▶ [Supplied entries]
───

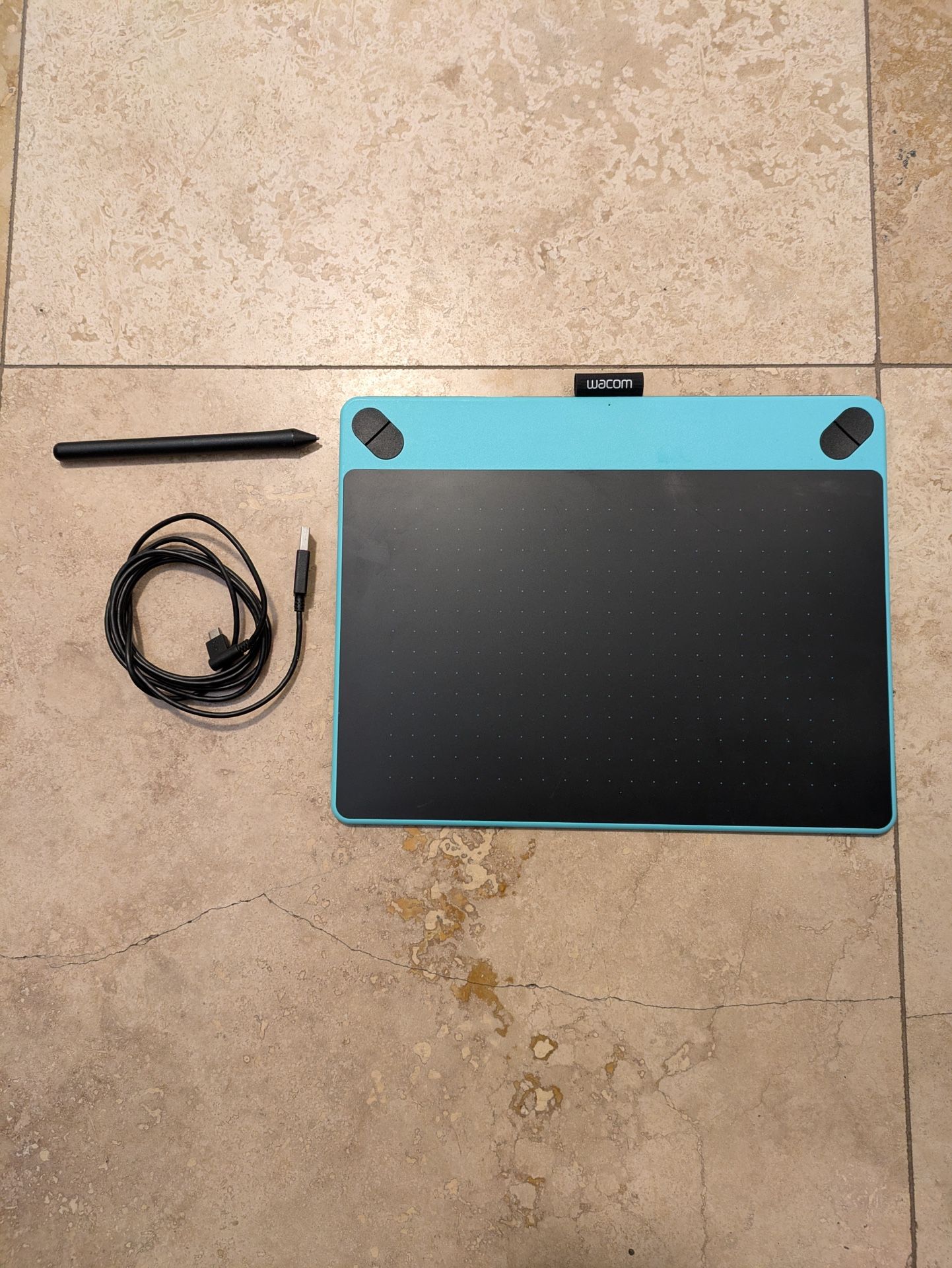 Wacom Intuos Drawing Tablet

───

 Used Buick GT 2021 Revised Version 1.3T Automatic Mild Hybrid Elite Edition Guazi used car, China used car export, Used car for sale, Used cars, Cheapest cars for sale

───

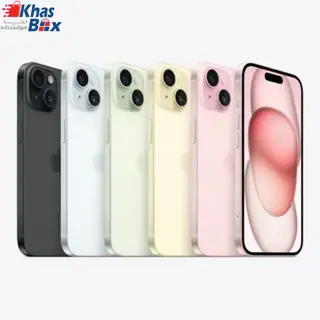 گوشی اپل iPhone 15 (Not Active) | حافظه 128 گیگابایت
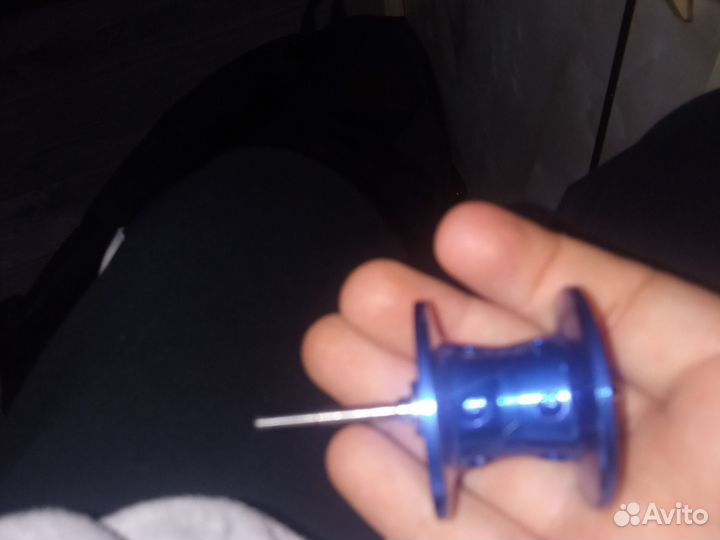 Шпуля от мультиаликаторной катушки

───

▶ [What to produce] Only one part of the listing is wanted: the lines from the one containing "گوشی اپل iPhone" through the one containing "Шпуля от мультиаликаторной катушки", both included. Please transcribe it exactly, leaving out the pictures.

▶ [Completed exercise]
 گوشی اپل iPhone 15 (Not Active) | حافظه 128 گیگابایت
 Шпуля от мультиаликаторной катушки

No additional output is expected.